GetStartPageIndex does not work right

I have the docx file abc.docx (36.8 KB)

var originalDoc = new Aspose.Words.Document(dataDir + "abc.docx");
var table = (Aspose.Words.Tables.Table)doc.LastSection.GetChild(NodeType.Table, 0, true);
LayoutCollector collector = new LayoutCollector(originalDoc);
int firstPage= collector.GetStartPageIndex(table .FirstRow);
int secondPage  = collector.GetStartPageIndex(table .LastRow);

The secondPage should be number 1 because the last row of table still in the first page
But when I debug the secondPage is 2
image.png (41.7 KB)

@TanPham
We have opened the following new ticket(s) in our internal issue tracking system and will deliver their fixes according to the terms mentioned in Free Support Policies.

Issue ID(s): WORDSNET-25275

You can obtain Paid Support Services if you need support on a priority basis, along with the direct access to our Paid Support management team.

Aspose.Words.Saving.PdfSaveOptions pso = new Aspose.Words.Saving.PdfSaveOptions();
pso.Compliance = PdfCompliance.Pdf17;
originalDoc.Save(dataDir + "abc.pdf", pso);

and then when I try to save it as PDF file the last 6 rows are moved to the second page abc.pdf (54.0 KB)

@TanPham Thank you for additional information. Yes, we have noticed this as well.
Please note, the same layout engine is used by LayoutCollector and for rendering document to fixed page formats, such as PDF.

Actually im facing the problem is
I tried to get page count, the data I have render in output should be have total page is 1 but i dont know why when I use Document.Page.Count it always is 2
I think have something wrong effect to the structure of document

@TanPham Also, the same layout engine is used for calculation of number of pages in the document.
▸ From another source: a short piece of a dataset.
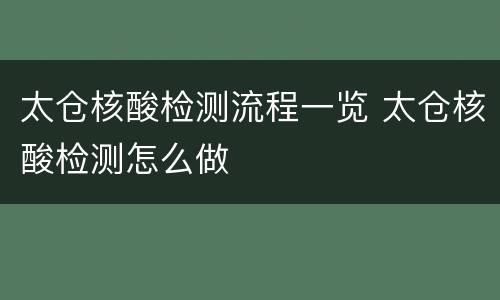 太仓核酸检测流程一览 太仓核酸检测怎么做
So it is expected that for your document returned page count is 2.
By the way, MS Word on my side also shows two pages in your document.

right, but in my code I do not render the line break on the second page, I am not sure why have that . I just render the last row of the table then I save the file
and I don’t know why when convert to pdf it will moved 8 last rows to next page

this is PDF file I used convert on website Word to PDF | Convert Your Doc to PDF Online for Free
image.png (182.0 KB)

it do not move 8 last rows to the next page

@TanPham There is no concept of page in MS word documents, since they are flow documents. The consumer applications, like MS Word or OpenOffice, reflows the document content into pages on the fly. The document layout depends, for example, on the fonts available for the consumer application, since different fonts might have different metrics, that might affect document layout.
In your document, if open it in MS Word, an empty paragraph is pushed to the second page:

Note, in MS Word documents, the table cannot be the last node, there is always a paragraph after the table. If reduce the size of this empty paragraph to zero, the document is rendered as expected:

Document doc = new Document(@"C:\Temp\in.docx");
doc.LastSection.Body.LastParagraph.ParagraphBreakFont.Size = 0;
doc.Save(@"C:\Temp\out.pdf");

then about the problem convert DOCX to PDF why aspose and other tool have different output, and the page of last row of table is 2 , please help me investigate this, thanks you

@TanPham Because MS word documents are flow documents and does not contain any information about the document layout. Each tool has it’s own layout engine that build that reflows the document into pages. This causes the difference.

how about the function GetStartPageIndex(table.LastRow) , the result is 2, does it right?

@TanPham As I already mentioned the same layout engine is used by LayoutCollector and for rendering document to fixed page formats, such as PDF. So if the last row is rendered on the second page when you convert your document to PDF using Aspose.Words, it is expected that GetStartPageIndex for this row will return 2 too.

The issue have been solved thanks you for your support @alexey.noskov

1 Like